Vintage NRPS is an album by the country rock group the New Riders of the Purple Sage. It was recorded live on February 21 and February 23, 1971 at the Capitol Theater in Port Chester, New York, and released in 1986.

At the time of the Capitol Theatre shows, the New Riders of the Purple Sage were regularly performing as the opening act for the Grateful Dead. Jerry Garcia was a member of both bands. Garcia would play pedal steel guitar with the New Riders, then play electric guitar and sing with the Dead.

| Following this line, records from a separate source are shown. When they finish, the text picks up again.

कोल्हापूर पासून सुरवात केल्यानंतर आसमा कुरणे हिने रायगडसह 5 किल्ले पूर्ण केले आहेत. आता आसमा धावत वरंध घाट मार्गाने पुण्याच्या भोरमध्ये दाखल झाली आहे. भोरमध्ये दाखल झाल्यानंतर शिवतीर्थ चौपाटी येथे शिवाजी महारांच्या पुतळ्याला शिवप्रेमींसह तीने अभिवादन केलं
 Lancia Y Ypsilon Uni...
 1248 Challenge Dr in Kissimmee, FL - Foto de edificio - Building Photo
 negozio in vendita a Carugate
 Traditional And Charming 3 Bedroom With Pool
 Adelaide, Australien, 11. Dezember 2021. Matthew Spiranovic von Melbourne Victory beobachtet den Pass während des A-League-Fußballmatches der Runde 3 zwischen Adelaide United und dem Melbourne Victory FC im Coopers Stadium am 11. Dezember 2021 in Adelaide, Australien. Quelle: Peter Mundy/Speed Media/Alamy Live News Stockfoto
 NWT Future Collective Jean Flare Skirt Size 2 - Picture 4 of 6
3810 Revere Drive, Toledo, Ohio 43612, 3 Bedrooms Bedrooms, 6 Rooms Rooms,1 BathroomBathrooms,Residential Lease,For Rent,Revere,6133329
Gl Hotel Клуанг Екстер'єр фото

A Grateful Dead concert from the same set of shows as Vintage NRPS was released as the album Three from the Vault.

Professional ratings
Review scores
| Source | Rating |
| Allmusic |  |

==Track listing==

All the songs were written by John Dawson, except "Honky Tonk Women" by Mick Jagger and Keith Richards.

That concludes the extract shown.